Histograms of distribution of land cover classes (blue – Croatian orienteering terrains, orange – Slovenian orienteering terrains)
Filtering of suitable land cover areas was done with classes 18, 20, 21, 23, 24, 25, 26 and 29.
Areas filtered by land cover criteria
Areas that are potentially suitable for orienteering are given as overlay of three maps (filtered by slope, aspect and land cover criteria) using logical AND operator. Result contains small holes and speckles which affect presentation quality of result.
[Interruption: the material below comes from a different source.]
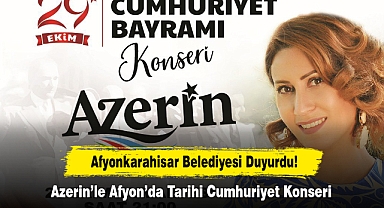 Afyonkarahisar Belediyesi Duyurdu! Azerin’le Afyon’da Tarihi Cumhuriyet Konseri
Terrains selected as potentially suitable for orienteering
To improve presentation quality of the result, hole filling was performed for holes of area less than 40000 m2 (200×200 m). Such small patches that appears as not suitable for orienteering can be avoided with careful course planning, if necessary. Finally, selected areas that were less than 0.25
km2 were deleted since very small areas are not allowing for proper course lengths.
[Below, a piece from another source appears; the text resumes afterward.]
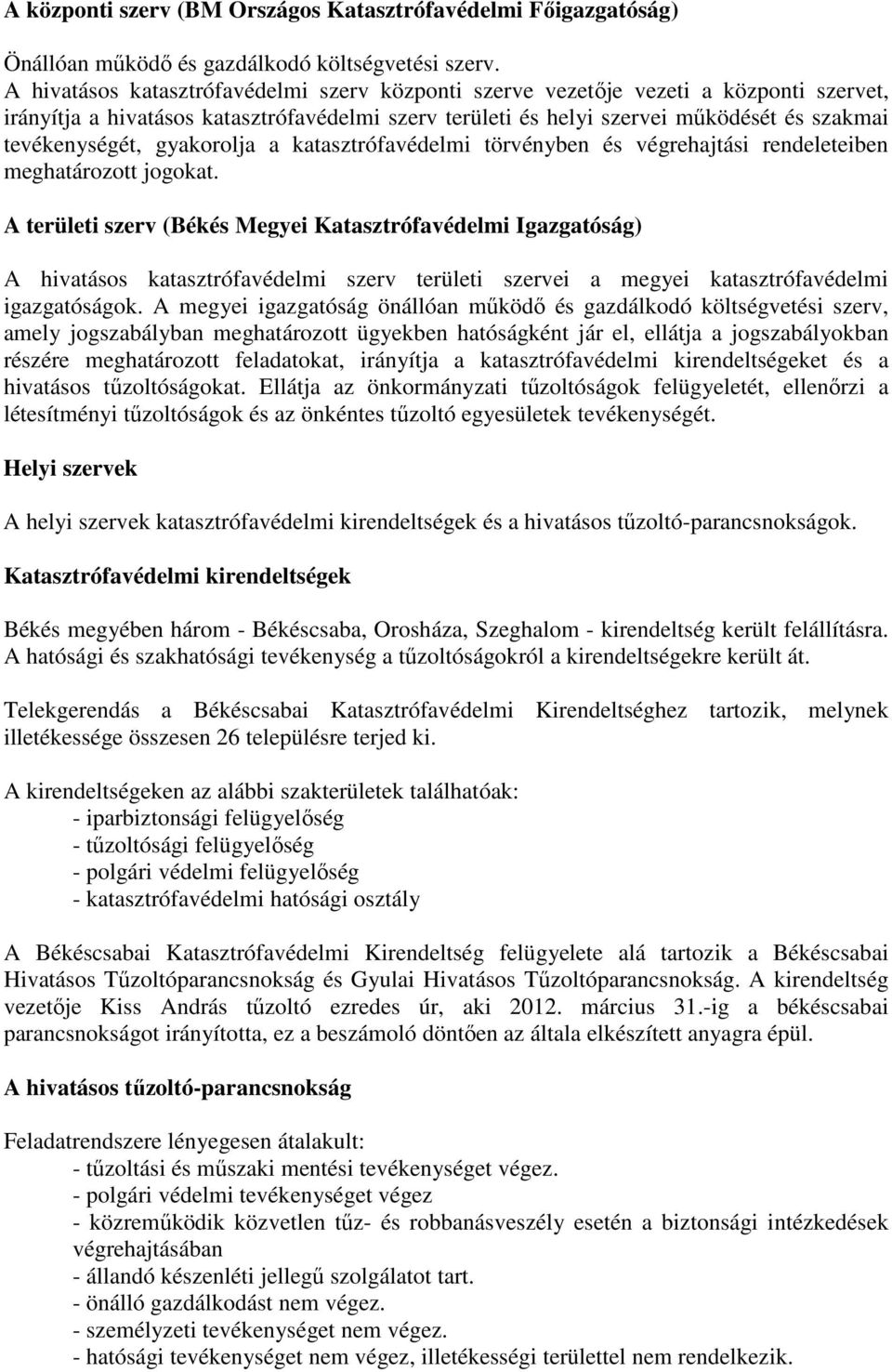 gyakorolja a katasztrófavédelmi törvényben és végrehajtási rendeleteiben meghatározott jogokat.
Final areas of potentially suitable terrains for foot orienteering
Final step in analysis includes addition of quality information to selected areas. This was achieved by setting arbitrary rules that can indicate quality as follows:
Raster value | Suitability | Criteria |
5 | Excellent | land cover classes 23, 24 and 25, aspect diversity inside its interquartile range |
4 | Very good | land cover classes 23, 24 and 25, aspect diversity outside its interquartile range |
3 | Good | land cover classes 18, 20, 21, 26 and 29, aspect diversity inside its interquartile range |
2 | Fair | land cover classes 18, 20, 21, 26 and 29, aspect diversity outside its interquartile range |
1 | Poor | Areas added by hole filling operation |
Suitability quality of selected terrains (green = excellent, yellow = good, orange = poor)
Evaluation
Using data on existing orienteering terrains gives us opportunity to do some evaluation of selected potentially suitable areas. This will be done in future work.
Publishing
In order to publish and give access to results, final map will be published under CC-BY-SA license using suitable spatial web service. This will enable further evaluation by orienteering experts and field checks.